The last time I was in the University Cafe in downtown Palo Alto was the height of the Dot Com era. The cafe has really large white paper placemats – it lays down clean new sheets of white paper every time another table of customers sits down to order.

Back in 2000, at the height of the internet mania, it seemed that every table was filled with very important looking people busily sketching business plans on those sheets of white paper – structured stock offerings, returns on investment, phased rollout strategies, and all of those other great Dot Com phrases. By the time any meal was done, diners would have filled their white paper placemats with lots of little diagrams and charts, scribbled profit/cost estimate curves and projected timelines.

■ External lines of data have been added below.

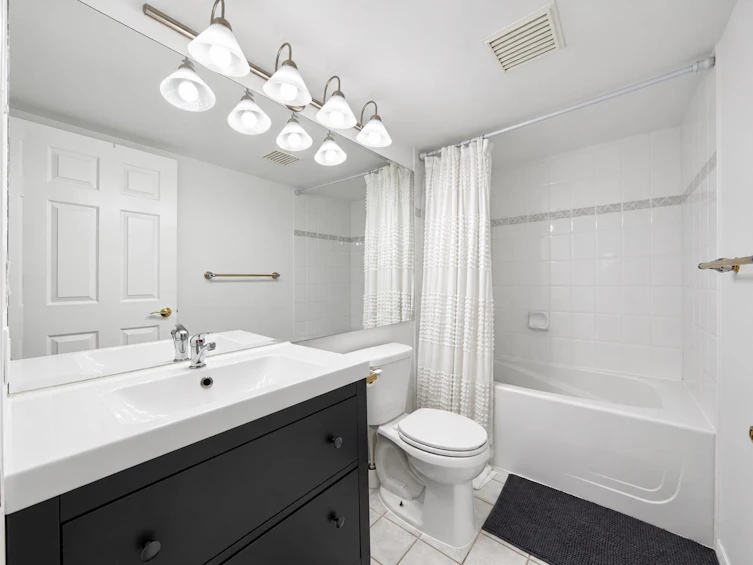 107-15241 18 Avenue, Surrey, BC, V4A 1W9 - 21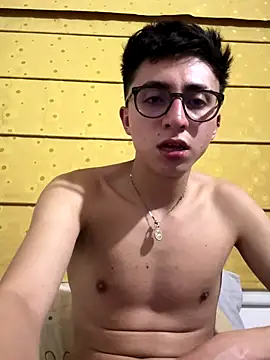 CamiRojas boy online show from September 14, 5:31 am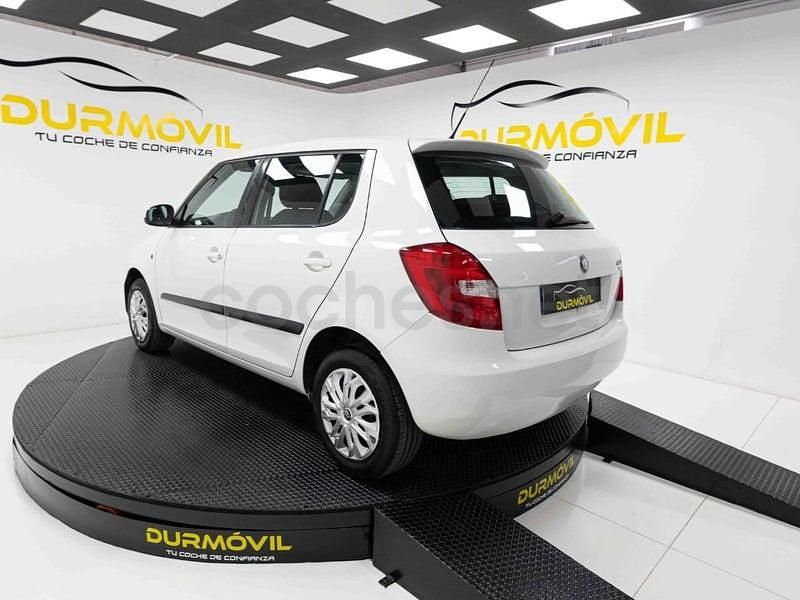 Usado Skoda Fabia 60 CV (44 kW) 2010 Blanco Berlina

And at the end of every meal there was the all-important ritual of folding up that piece of paper, no matter how coated it may have become with coffee rings or gravy stains, and putting it in one’s pocket. What had once been a clean expanse of white was now a road plan, a treasure map, a guide to the Holy Grail, the key to the next big IPO.

As we know, most of those placemats ended up not being worth the ink scribbled on them. Plans came to naught, companies went belly up, and a chastened Silicon Valley fell back down to earth with a resounding thud.

Today, sitting in that same cafe, my friends and I ended up discussing some cool research ideas. At some point I took out a pen and started to make sketches on the big white placemat before me. We all got excited looking at it, we brainstormed a bit, adding things here and there, and by the end of the meal we all felt that we’d really made some progress, and even had a kind of game plan for what to do next.

When we left, it never occurred to us to take the placemat with us.